*** Raw data Section Begins ***

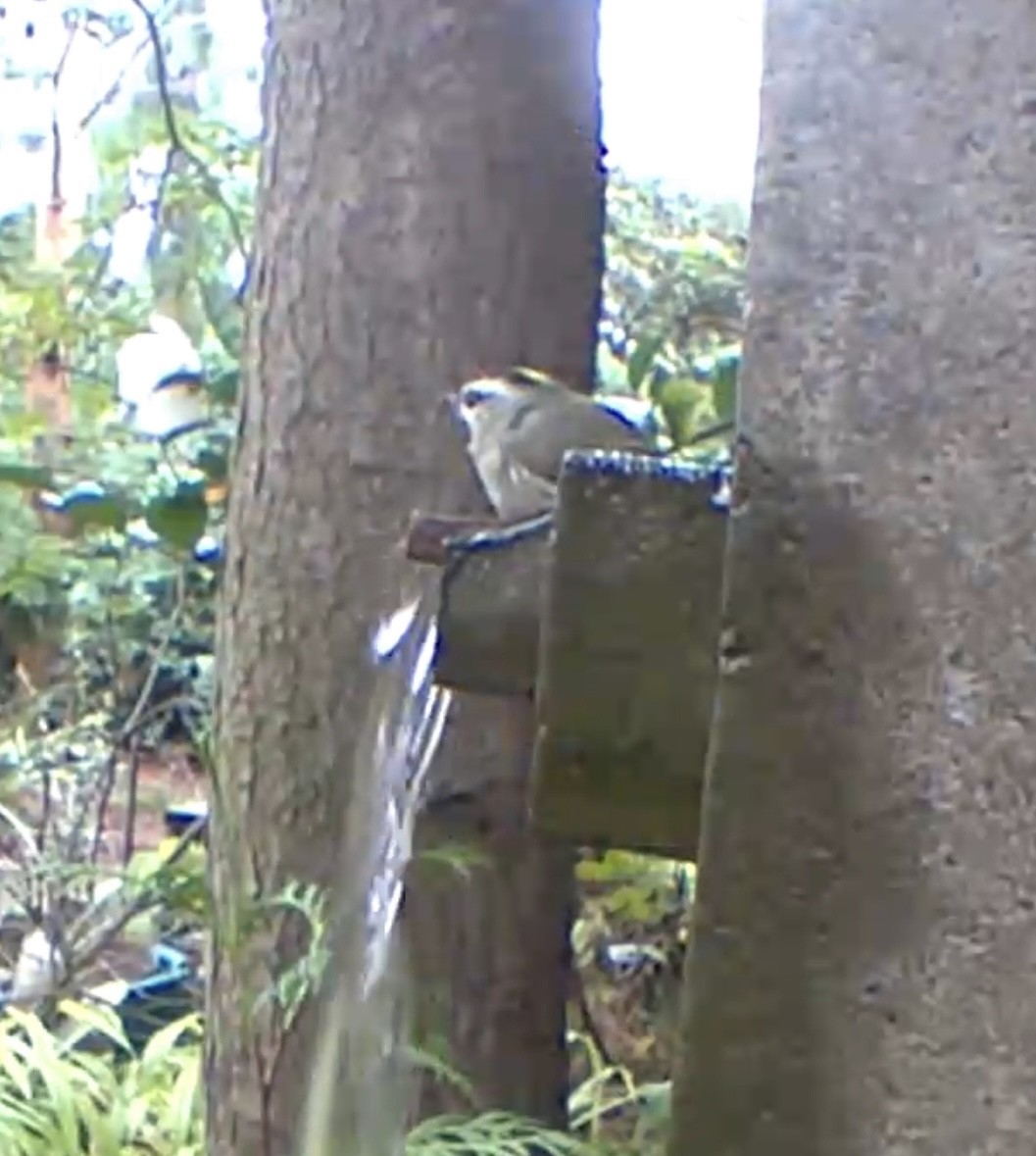 Reyezuelo Sátrapa - ML646439333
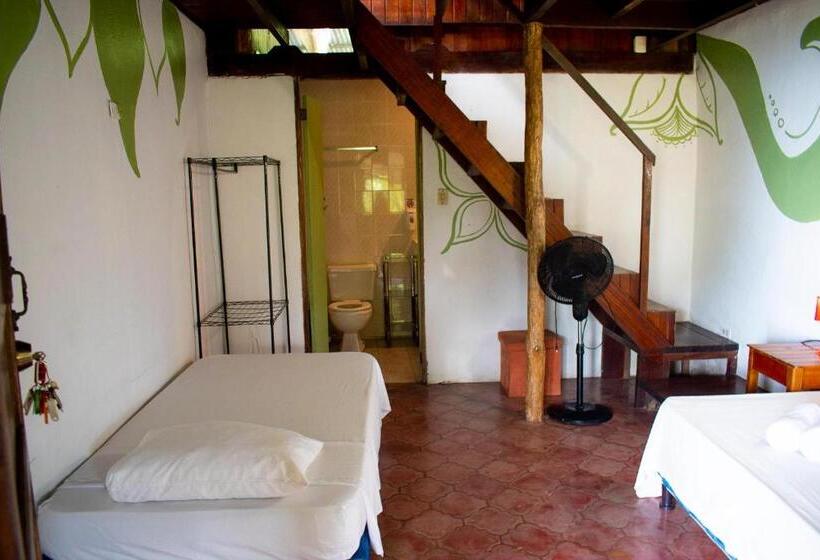 اتاق خانوادگی با چشمانداز دریا, Hostel Plinio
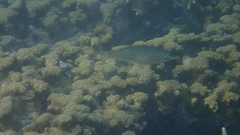 Stethojulis strigiventer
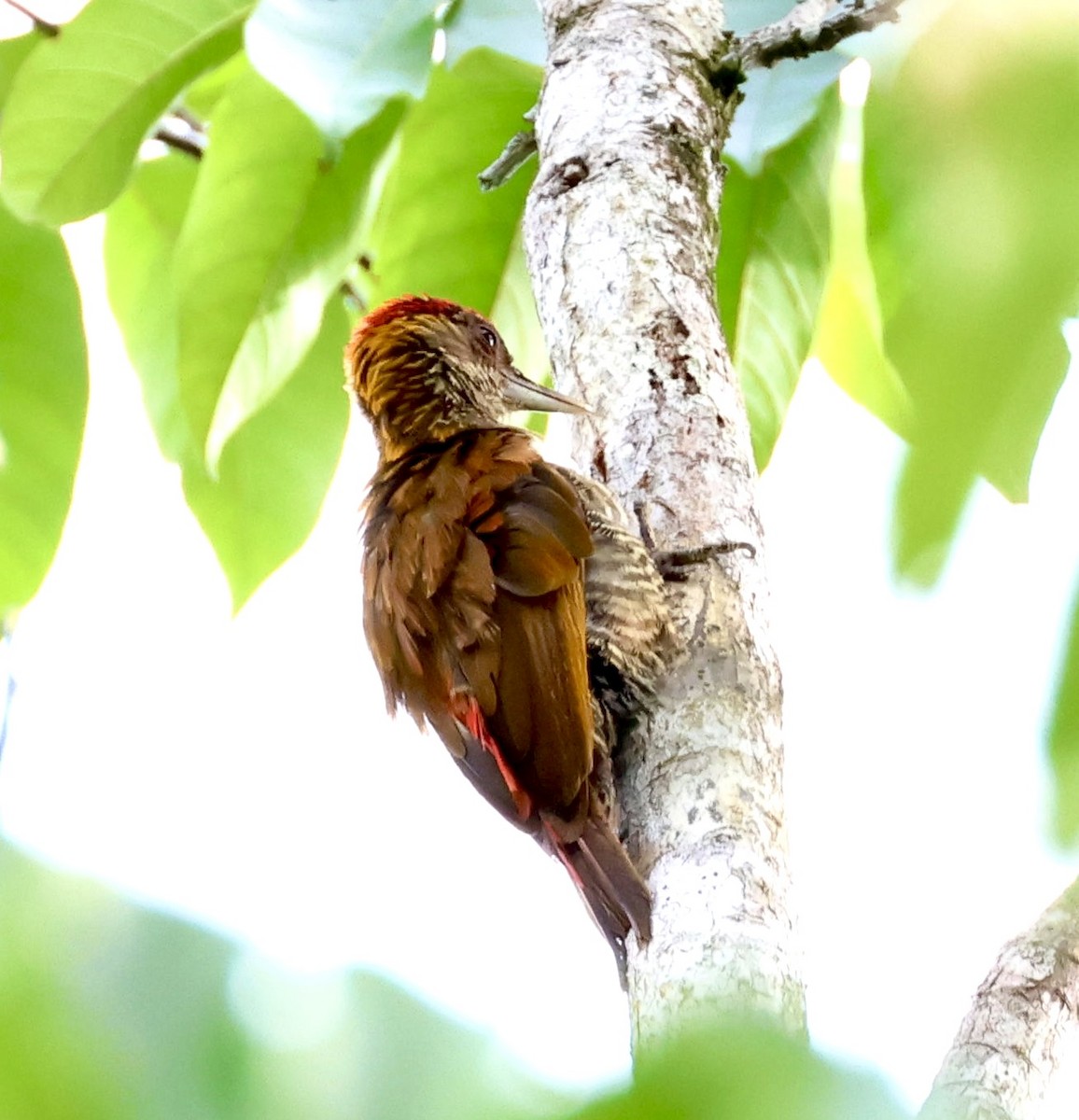 Red-rumped Woodpecker - ML620209176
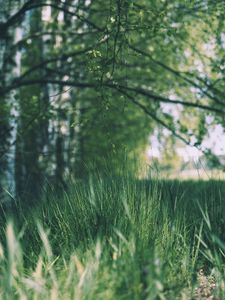 Preview wallpaper grass, trees, meadow, branches, greens
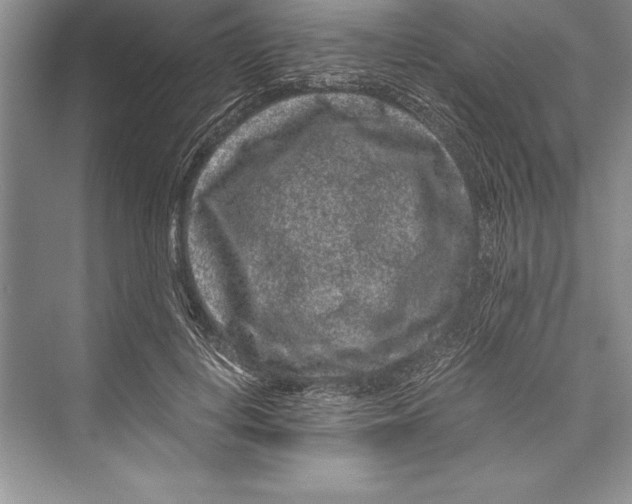 X0000072500648200608111629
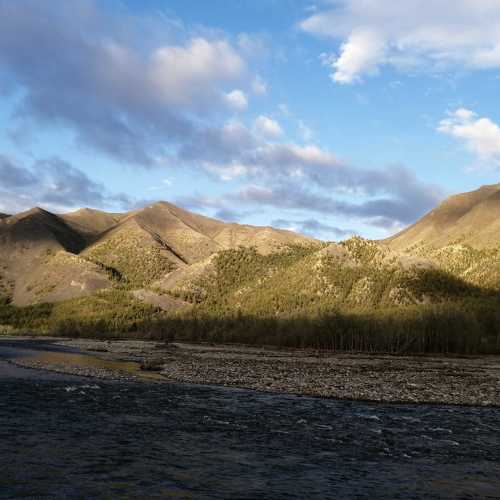 Photo #4699015
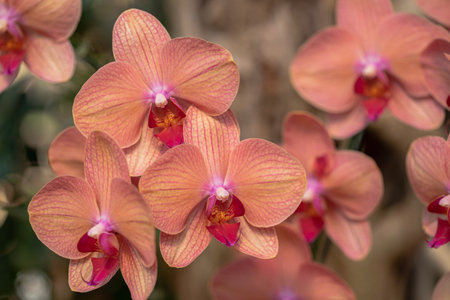 Phalaenopsis orchid flower bloom in spring decoration the beauty of nature, A rare wild orchid decorated in tropical gardenの写真素材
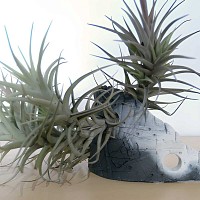 Support en céramique et plantes épiphytes Tillandsias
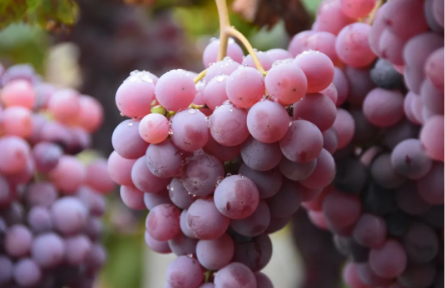 家鄉(xiāng)農(nóng)產(chǎn)品大學(xué)生推薦官 | 品牌智庫建議⑤：清徐葡萄：從“千年葡鄉(xiāng)”到“葡萄強縣”的跨越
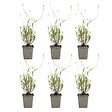 BLOOMIQUE - Lot de 6 - Lavandula Angustifolia 'Dwarf Blue' - Lavande naine - H. 10-20 cm - P. 9 cm - vignette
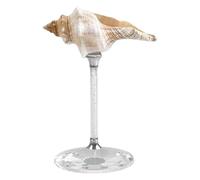 Qianly Da Vino Bicchiere a Conchiglia Coppa per Bevande Stelo Elegante con Design Unico Ispirato Adatto per Celebrazioni Speciali E Cerimonie, Base in Argento Conch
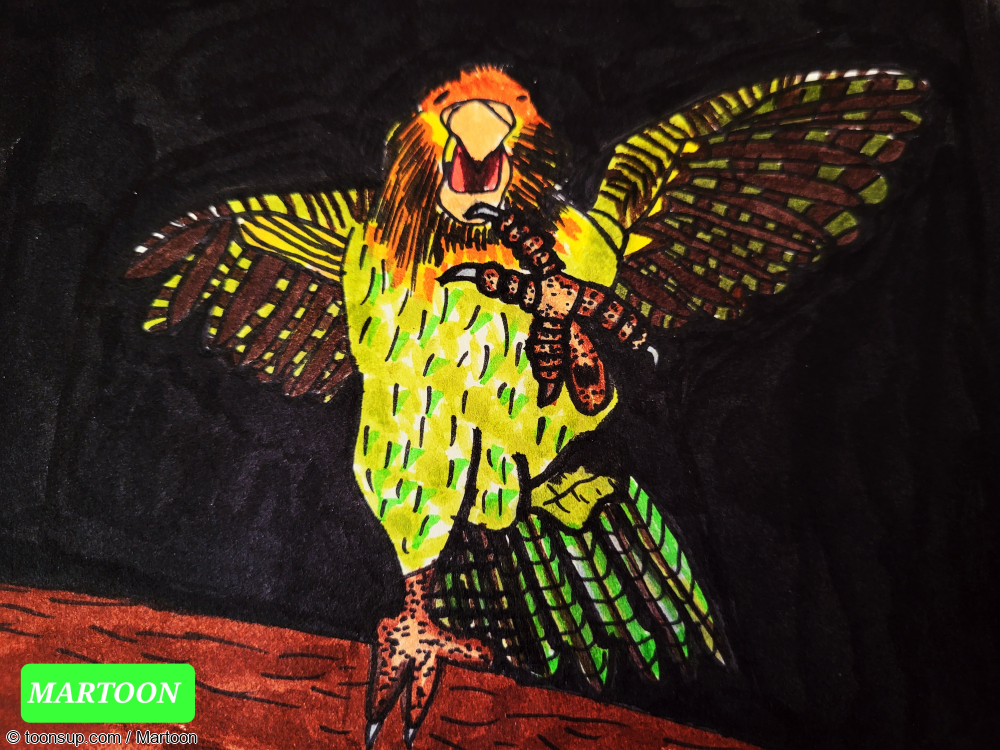 Illustration: SEPTEMBIRD-23 - TAG 5  - VOGEL:KAKAPO 1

*** Raw data Section Ends ***

Goal of the exercise: Copy the listing exactly, omitting pictures.

Exercise response:
 Reyezuelo Sátrapa - ML646439333
 اتاق خانوادگی با چشمانداز دریا, Hostel Plinio
 Stethojulis strigiventer
 Red-rumped Woodpecker - ML620209176
 Preview wallpaper grass, trees, meadow, branches, greens
 X0000072500648200608111629
 Photo #4699015
 Phalaenopsis orchid flower bloom in spring decoration the beauty of nature, A rare wild orchid decorated in tropical gardenの写真素材
 Support en céramique et plantes épiphytes Tillandsias
 家鄉(xiāng)農(nóng)產(chǎn)品大學(xué)生推薦官 | 品牌智庫建議⑤：清徐葡萄：從“千年葡鄉(xiāng)”到“葡萄強縣”的跨越
 BLOOMIQUE - Lot de 6 - Lavandula Angustifolia 'Dwarf Blue' - Lavande naine - H. 10-20 cm - P. 9 cm - vignette
 Qianly Da Vino Bicchiere a Conchiglia Coppa per Bevande Stelo Elegante con Design Unico Ispirato Adatto per Celebrazioni Speciali E Cerimonie, Base in Argento Conch
 Illustration: SEPTEMBIRD-23 - TAG 5  - VOGEL:KAKAPO 1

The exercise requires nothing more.